Investment in artificial intelligence (AI) startups has surged, with over half a trillion dollars poured into the sector. However, according to Sightline Climate, the next smartest move might be investing in energy technology.
The report reveals that up to 50% of planned data center projects may face delays due to power access issues. Only 5 gigawatts out of 190 gigawatts worth of tracked data centers are under construction, with a significant portion—about 36%—seeing their timelines slip in 2025.
Big tech companies like Google and Meta have allocated substantial resources to develop solar, wind, and nuclear projects. They’re also supporting emerging technologies through direct investments and partnerships with utilities to accelerate adoption. But the power problem remains a critical constraint for data centers, expected to drive up AI’s energy consumption by 175% by 2030.

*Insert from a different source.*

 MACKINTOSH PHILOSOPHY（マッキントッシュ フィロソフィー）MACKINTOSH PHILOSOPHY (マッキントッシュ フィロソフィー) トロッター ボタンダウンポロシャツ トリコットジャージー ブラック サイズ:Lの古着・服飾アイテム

Dozens of startups are addressing this challenge. Amperesand, DG Matrix, and Heron Power are developing new power conversion technologies, while companies like Camus and GridBeyond are building software to manage the flow of electrons. Meanwhile, Google’s innovative approach in Minnesota combines wind, solar, and a massive battery from Form Energy.
Investors are also eyeing solid-state transformer startups as traditional transformers become too bulky for high-power density data centers. These new technologies aim to replace several pieces of equipment, offering cost-competitiveness despite higher initial costs.